Hafıza unutmaz. O, sadece kaydeder. Ama insan zihni bazen o kayda ulaşamaz. Tıpkı bir kütüphanede duran kitabın rafta kalması, ama okuyucunun onu bulamaması gibi. Burada “unutmak”, aslında hafızanın değil zihnin yolunu kaybetmesidir.
Peki bu iyi midir, kötü müdür?
Bazen zihnin erişememesi bir korunmadır. Acı hatıralar, travmalar ya da kaldıramayacağımız yükler bilinçten uzaklaştırılır. Böylece hayat devam eder. Ama bu durum aynı zamanda bir eksikliktir; insan kendi geçmişinin tümüne ulaşamaz. Bu yüzden iyiyle kötü arasındaki çizgi hep biraz bulanık kalır.
Zaman ise bu sürecin görünmez aktörüdür. Onun görevi sadece akmak değildir; bazen unutturmaktır. Aslında unutmak, hayatın devamı için bir gerekliliktir. İnsan her şeyi hatırlayarak yaşayabilir miydi? Belki de zaman, insana yükünü hafifletmek için hafızanın yollarını kapatır.

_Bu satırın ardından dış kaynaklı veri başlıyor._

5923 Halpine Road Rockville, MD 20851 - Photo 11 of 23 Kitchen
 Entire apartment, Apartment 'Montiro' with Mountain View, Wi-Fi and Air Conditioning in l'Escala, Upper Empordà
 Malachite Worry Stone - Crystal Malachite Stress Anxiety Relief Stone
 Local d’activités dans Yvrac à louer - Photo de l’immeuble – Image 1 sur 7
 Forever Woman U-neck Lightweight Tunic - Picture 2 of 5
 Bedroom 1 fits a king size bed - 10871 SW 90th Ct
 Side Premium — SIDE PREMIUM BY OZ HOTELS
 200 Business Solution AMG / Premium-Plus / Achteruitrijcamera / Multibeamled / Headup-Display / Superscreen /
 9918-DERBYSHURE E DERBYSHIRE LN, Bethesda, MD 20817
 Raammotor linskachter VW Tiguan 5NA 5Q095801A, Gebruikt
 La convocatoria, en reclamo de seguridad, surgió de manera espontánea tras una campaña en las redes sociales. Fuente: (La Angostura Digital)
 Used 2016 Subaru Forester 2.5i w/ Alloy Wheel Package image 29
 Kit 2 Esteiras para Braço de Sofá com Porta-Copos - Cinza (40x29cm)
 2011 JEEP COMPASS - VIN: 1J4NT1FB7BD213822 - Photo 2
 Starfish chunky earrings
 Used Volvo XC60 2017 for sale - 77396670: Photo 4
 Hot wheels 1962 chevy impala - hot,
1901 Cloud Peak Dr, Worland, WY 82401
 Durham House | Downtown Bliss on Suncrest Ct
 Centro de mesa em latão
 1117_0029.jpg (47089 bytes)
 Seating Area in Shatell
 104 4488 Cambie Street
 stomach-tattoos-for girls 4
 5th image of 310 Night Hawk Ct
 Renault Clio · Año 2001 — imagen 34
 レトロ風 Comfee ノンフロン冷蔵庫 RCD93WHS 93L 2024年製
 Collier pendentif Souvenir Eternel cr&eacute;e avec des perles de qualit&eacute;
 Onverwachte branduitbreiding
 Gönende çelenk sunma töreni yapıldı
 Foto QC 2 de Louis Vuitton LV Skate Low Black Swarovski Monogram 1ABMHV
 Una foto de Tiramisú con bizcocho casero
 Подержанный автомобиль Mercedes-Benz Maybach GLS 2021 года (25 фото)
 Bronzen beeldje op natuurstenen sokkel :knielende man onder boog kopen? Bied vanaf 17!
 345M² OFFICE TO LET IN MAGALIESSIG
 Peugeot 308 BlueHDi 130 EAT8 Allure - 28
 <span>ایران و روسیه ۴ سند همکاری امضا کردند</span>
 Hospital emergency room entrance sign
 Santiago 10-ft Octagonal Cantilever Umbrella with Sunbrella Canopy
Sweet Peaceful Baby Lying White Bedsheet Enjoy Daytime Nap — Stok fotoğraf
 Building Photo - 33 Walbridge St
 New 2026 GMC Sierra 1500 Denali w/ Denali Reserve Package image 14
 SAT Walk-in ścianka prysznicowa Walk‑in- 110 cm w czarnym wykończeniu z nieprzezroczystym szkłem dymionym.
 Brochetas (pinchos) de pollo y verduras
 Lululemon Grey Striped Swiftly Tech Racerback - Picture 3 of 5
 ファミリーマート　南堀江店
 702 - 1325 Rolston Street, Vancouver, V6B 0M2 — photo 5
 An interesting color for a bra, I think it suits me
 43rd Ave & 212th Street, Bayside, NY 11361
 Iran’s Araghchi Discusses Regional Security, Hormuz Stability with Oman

Sonuçta hafıza kaydeder, zaman unutturur, zihin ise bazen yolunu kaybeder. Biz de hatırlayamadıklarımızın gölgesinde yürürüz. Ama belki de unuttuklarımız sayesinde ayakta kalır, yeni hatıralara yer açarız.
Çünkü hayat sadece hatırladıklarımızla değil, unuttuklarımızladaşekillenir.